I've been itching to bake this pizza for a few weeks. The color photograph in the book looks wonderful. But it's pizza dough, lots of potatoes, onion, rosemary, and olive oil. No cheese, no tomatoes. Just potatoes and bread. The kind of thing that would make your mother say, disapprovingly, "You don't need two starches." Or maybe you'd say that to yourself, especially if you just got off a low-carb diet. But the picture looks so good. I figured it would either be spectacularly good or dull. It was actually both.
The bites at the edge of the pizza, where the crust was golden brown, and the potatoes were soft yet crisp, and there were little bits of onion and salt--those bites were fabulous. The middle of the pizza, which stuck to the pan, and where the potatoes were neither soft nor crisp, were mediocre.
When I looked at the picture in Artisan Baking again, I saw that the pizza was on a pizza stone. Well, no wonder. My problems with pizza in the past have always been because I was too cowardly to bake the pizza dough directly on a hot stone. After getting encouraging comments from readers, I finally dared to do it, and it did make an amazing difference. If only I had remembered this learning experience, I might have used it.
I made only half the recipe, and it was more than enough for two people. If you make the full recipe, you'll have a lot of pizza.
The dough is one of those miracle doughs, like the focaccia recipe in The Bread Bible. It's very, very wet, and it doesn't look like it's ever going to do anything. Then, after a good 20 minutes, it starts to come together, and suddenly it's a real dough.
This is a great pizza to make on a weekend because you can mix it up in the late morning, and have the afternoon free before you have to come back and start working on it again.
After the dough has risen and rested, it's pretty easy to stretch out onto a pizza pan (although I've just told you that I shouldn't have used the pan). It does need to rest for about 10 minutes (or longer) or it will pretend that it's moving toward the edge of the pan and then it will just slither back into place.
I squeezed the potatoes, and put them in a colander, and dried them with towels. They still didn't get as dry as I would have liked, but the dough was ready and I was hungry, so I just plunked them on top of the dough, and brushed them with more olive oil. (I didn't use all the potatoes, by the way, and I don't think you need 4 pounds--I would use only about half the recommended amount. I'd also use more than the recommended amount of rosemary).

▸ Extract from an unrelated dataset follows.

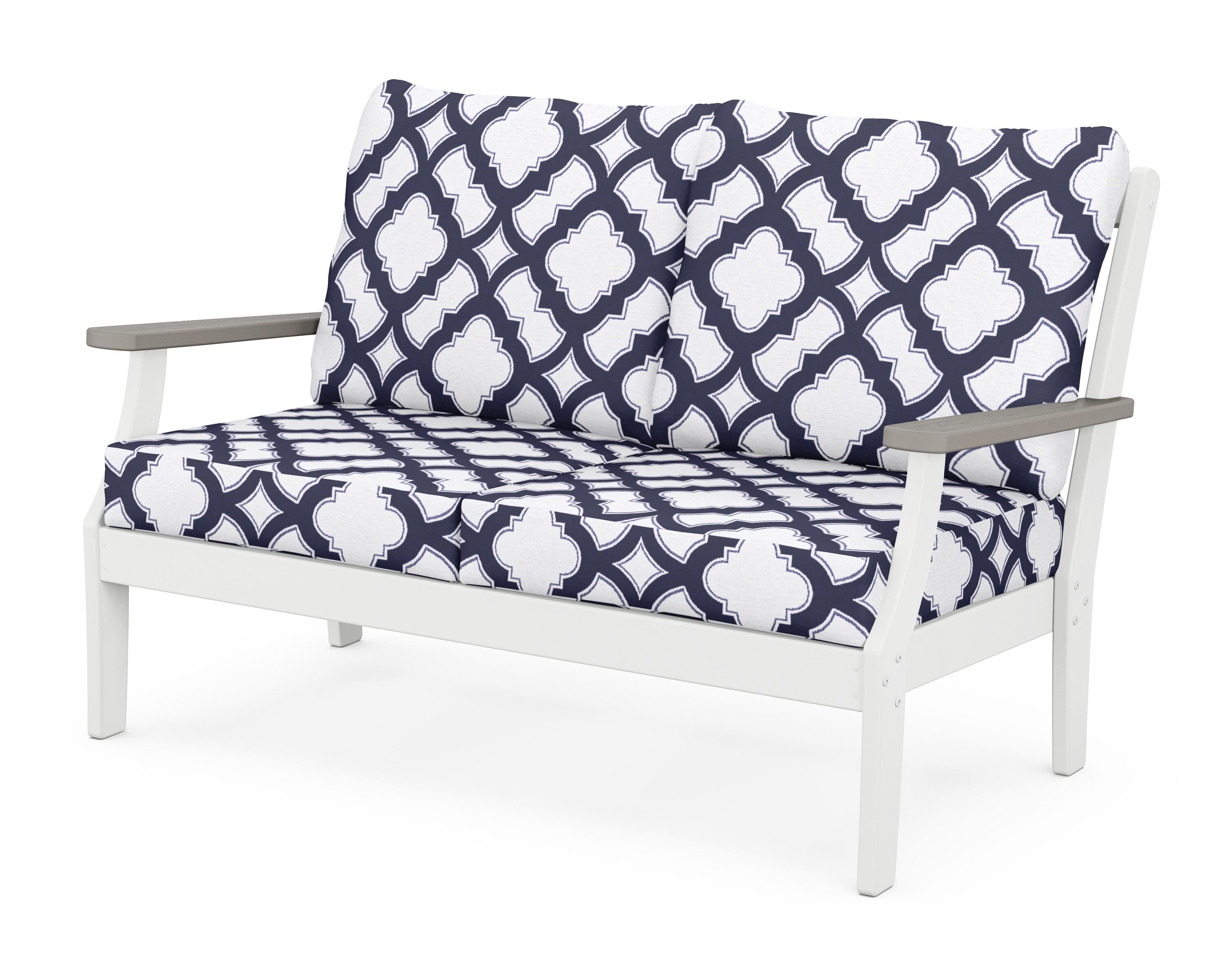 POLYWOOD® Braxton Deep Seating Loveseat in White / Driftwood / Trellis Navy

The pizza bakes for nearly 40 minutes, which is really quite pleasant because it smells amazingly good when it's cooking. When I took it out of the oven, I thought that I had achieved pizza nirvana. It was the best looking crust I've ever achieved.
The picture in the cookbook is of a large rectangular pizza baked in a half-sheet pan. Because I cut the recipe in half, I used a round pizza pan.
I think the deck is stacked against a pizza maker using a home kitchen. You just can't get a hot enough oven. If I were to do this again, I think what I'd do is oil a big piece of parchment paper and shape the pizza on parchment. Then I'd transfer the parchment to a pizza peel and slide it right onto a preheated baking stone. I think then you'd get all the delicious flavor and crunchiness without the sticking-to-the-pan problem.
If anyone has made this pizza, I'd love to hear how it went for you.
Sullivan Street Potato Pizza
--from Artisan Baking, by Maggie Glezer
For two 13 x 9-inch pans, or one half-sheet pan
3/4 cup plus 2 Tablespoons (130 grams) unbleached bread flour
3/4 cup plus 2 T. (130 grams) unbleached all-purpose flour
1/4 tsp. instant yeast
1 1/4 cups (285 grams) lukewarm water
1/2 tsp. granulated sugar
1/2 tsp. salt
Extra-virgin olive oil.
Mix the flours and yeast in a mixing bowl. Using the paddle attachment, add water on low speed until the batter comes together. Increase the speed to medium and beat for 20-25 minutes until it cleans the bowl and comes together. (If it hasn't started to come together in 20 minutes, add a few pinches more flour). The dough should still be quite weg. Add sugar and salt and mix for another 2-3 minutes.
Cover the dough with plastic wrap and let it rise about 4 hours.
Coat the baking pan or pans with olive oil. Pour the dough directly into the pan. With hands coated with olive oil, press the dough into a thin layer. Let it rest for 10-15 minutes, and then finish pressing it into the whole pan. It will be quite thin. Cover and let rise for another hour.
Meanwhile, slice 7 Yukon Gold potatoes, peeled (about 4 pounds) into thin slices. Toss them with salt and let them exude moisture for about 15 minutes. Squeeze them dry in a colander to release more of their liquid. Toss them with a thinly sliced onion and about 2 tablespoons chopped fresh rosemary.
About 30 minutes before baking, preheat the oven to 425 degrees F (220 C) and put one rack on the oven's top shelf. If using two pans, put another rack on the lower third.
After the dough is proofed, spread on the potato topping. Brush with olive oil and sprinkle with more salt. Bake until the potatoes are brown at the edges and easily pierced with the tip of a knife, about 40 minutes.